Task => Return every record below exactly as given, images excluded.
Top of Exercise input
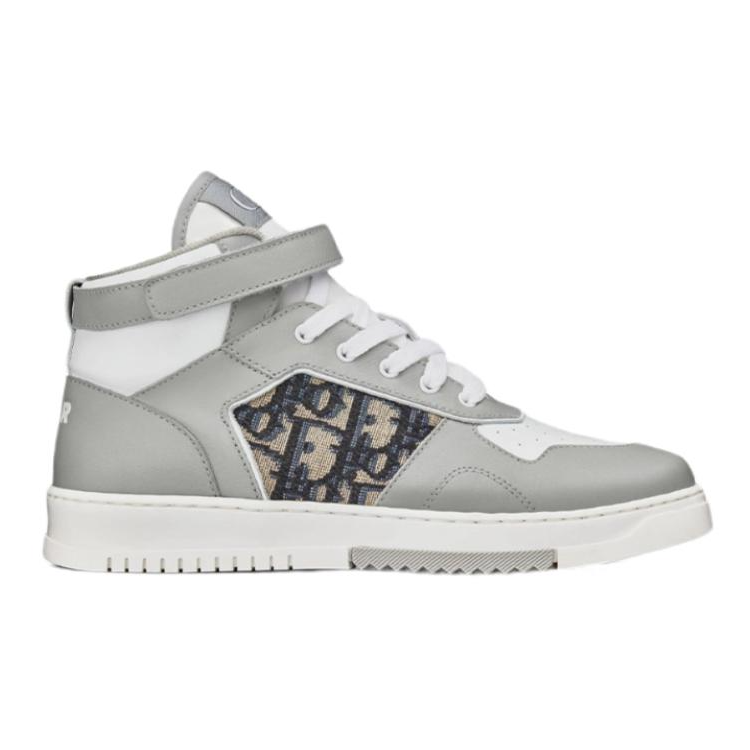 DIOR B27 High Top Kids' Skateboarding Shoes Gray Kids'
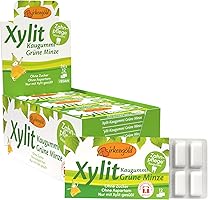 Birkengold Xylitol Kauwgom Groene Munt | 24 st. blisterverzorgingskauwgom | suikervrij | hoog xylitolgehalte van 70 % |...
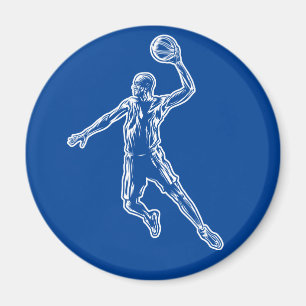 Imã Jogador de basquete Slam Dunk Light Design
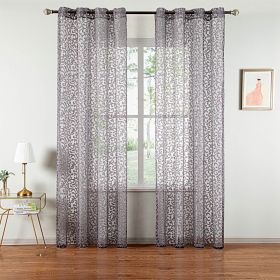 Window Sheer Curtains Panel (Option: Artemis)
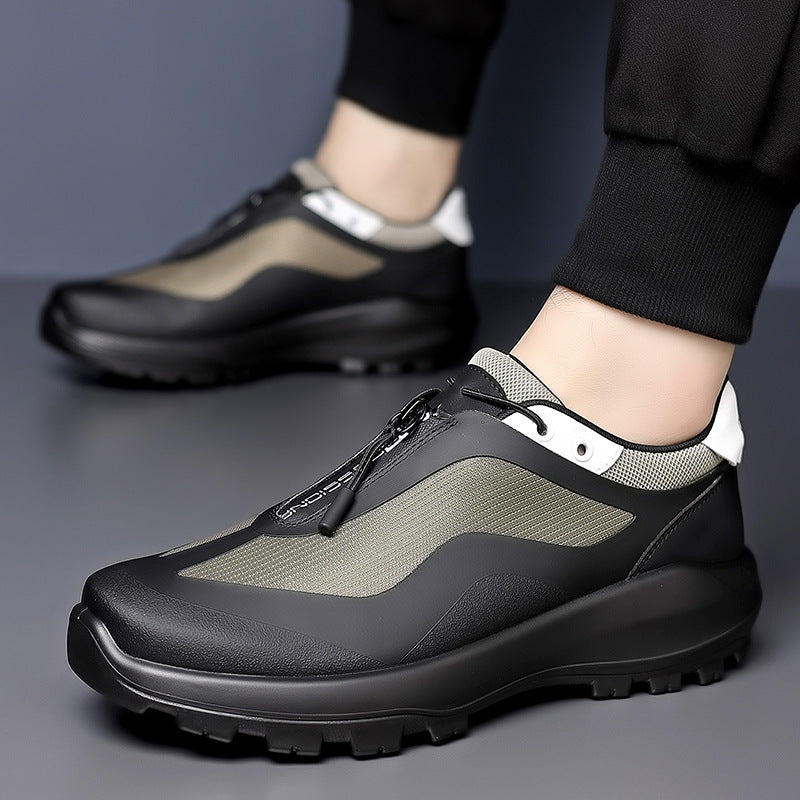 Men's Luxury High Quality Ice Silk Cloth Breathable Outdoor Mountaineering Men's Sports Shoes
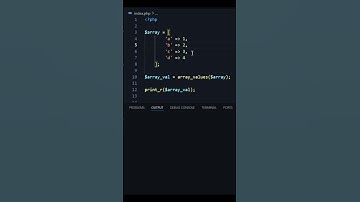 Extracting Values from an Associative Array  #coding #programming #phpdeveloper #php #shorts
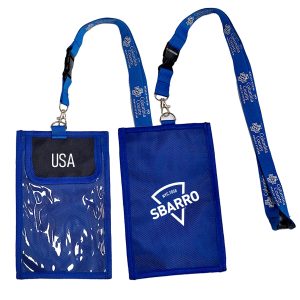 Secure Pass Neck Wallet with Screen Print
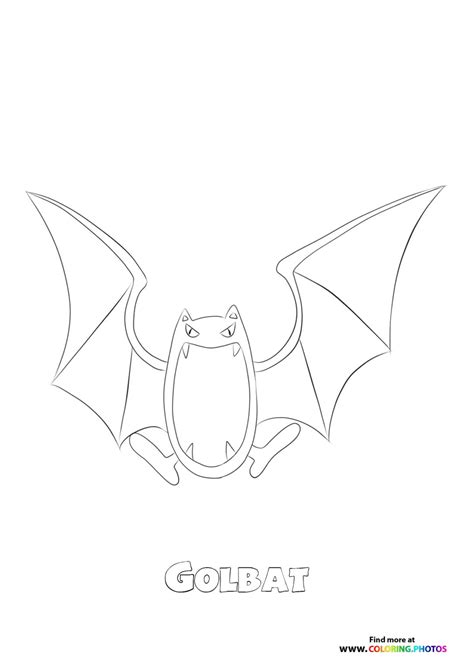 042 Golbat - Coloring Pages for kids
Bottom of Exercise input
Result for this exercise =>
 DIOR B27 High Top Kids' Skateboarding Shoes Gray Kids'
 Birkengold Xylitol Kauwgom Groene Munt | 24 st. blisterverzorgingskauwgom | suikervrij | hoog xylitolgehalte van 70 % |...
 Imã Jogador de basquete Slam Dunk Light Design
 Window Sheer Curtains Panel (Option: Artemis)
 Men's Luxury High Quality Ice Silk Cloth Breathable Outdoor Mountaineering Men's Sports Shoes
 Extracting Values from an Associative Array  #coding #programming #phpdeveloper #php #shorts
 Secure Pass Neck Wallet with Screen Print
 042 Golbat - Coloring Pages for kids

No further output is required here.